Opinion
2006-645 K C.
Decided December 4, 2008.
Appeal from an order of the Civil Court of the City of New York, Kings County (Loren Baily-Schiffman, J.), entered December 22, 2005. The order, following a hearing, granted so much of a motion by plaintiff as sought attorney's fees and disbursements and awarded plaintiff attorney's fees in the amount of $16,560 and $35 in disbursements.
Order reversed without costs and matter remanded to the court below for a determination de novo of the amount of attorney's fees and disbursements to be awarded plaintiff, in accordance with the decision herein.
PRESENT: GOLIA, J.P., RIOS and STEINHARDT, JJ.
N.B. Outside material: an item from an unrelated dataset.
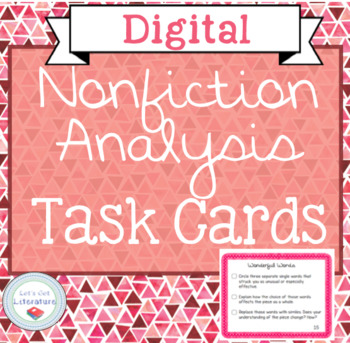 Preview of Digital Nonfiction Analysis Close Reading Task Cards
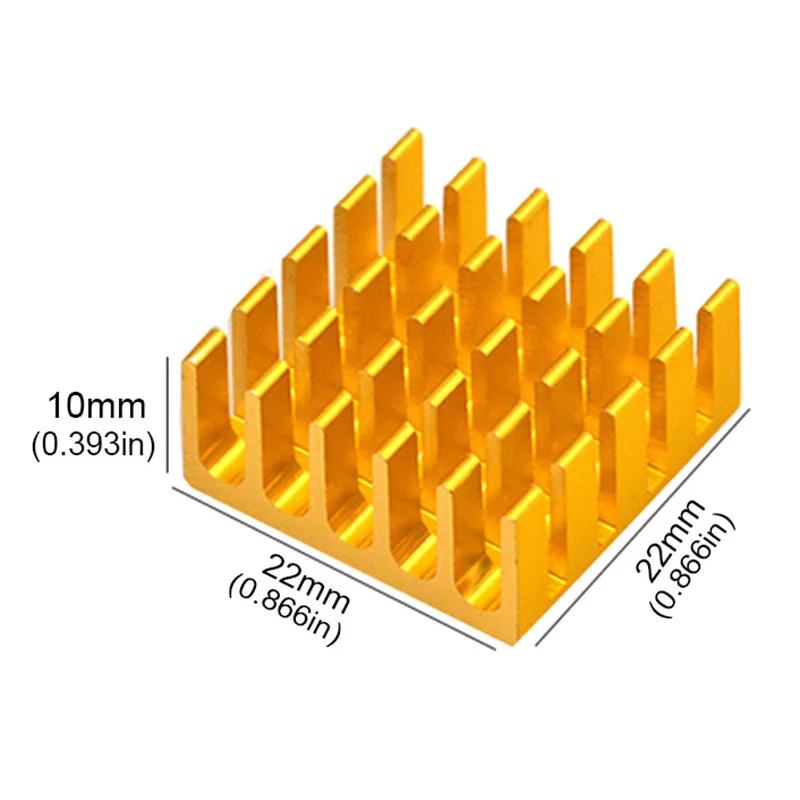 10 шт. алюминиевый радиатор YOUNUON Golden 22x22x10 мм охлаждающая плата для Raspberry Pi VGA RAM IC Chips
In this action by a tenant against the owner of his building to recover for rent overcharge based on a claim that his rents had been increased in violation of a 1993 order of the New York State Division of Housing and Community Renewal (DHCR), the Civil Court granted plaintiff summary judgment on the overcharge claim, and, after a hearing, found that the overcharge was willful. The court held that plaintiff was therefore entitled to treble damages on the overcharge pursuant to Rent Stabilization Code (9 NYCRR) (RSC) § 2526.1 (a) (1) and § 2526.1 (a) (2) (i), and a judgment was entered awarding plaintiff the total sum of $23,844.01.
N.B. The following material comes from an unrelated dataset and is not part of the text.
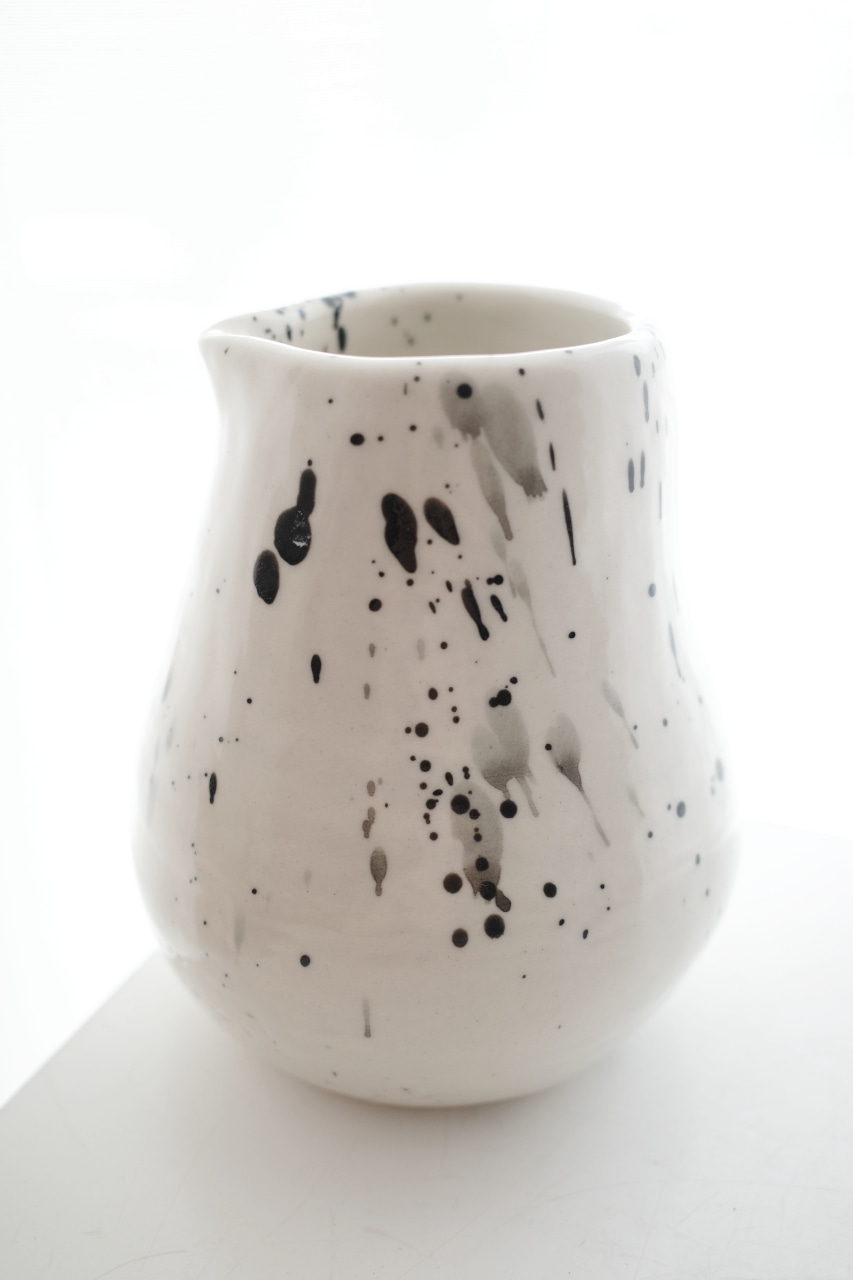 black painted vase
On appeal, this court, by order dated February 5, 2007, reversed the judgment, ruling that although the Civil Court properly found that the overcharge was willful, it improperly based its award on the lease in effect prior to the June 1, 1993 effective date of the DCHR order, in violation of CPLR 213-a, which explicitly precludes examination of the rental history of the housing accommodation prior to the four-year period immediately preceding the commencement of the action ( Jenkins v Fieldbridge Assoc. LLC ,15 Misc 3d 6 [App Term, 2d 11th Jud Dists 2007]; see also Rent Stabilization Law of 1969 [Administrative Code of City of NY] § 26-516 [a] [2]; RSC § 2526.1 [a] [2] [ii]). Therefore, this court held, the overcharge should have been calculated based on the $449.68 rent in effect four years before this action was commenced in 2002, instead of the $375.44 rent in effect for tenant's lease prior to the June 1, 1993 effective date of the DHCR order, and remanded the matter for a recalculation of the amount of the base overcharge, as well as the treble damages to be awarded thereon.
While that appeal was still pending, the Civil Court held a hearing on attorney's fees and disbursements, which plaintiff had sought pursuant to RSC § 2526.1 (d). After the hearing, the court awarded plaintiff the total sum of $16,595 as the reasonable attorney's fees and disbursements incurred in this matter. We reverse.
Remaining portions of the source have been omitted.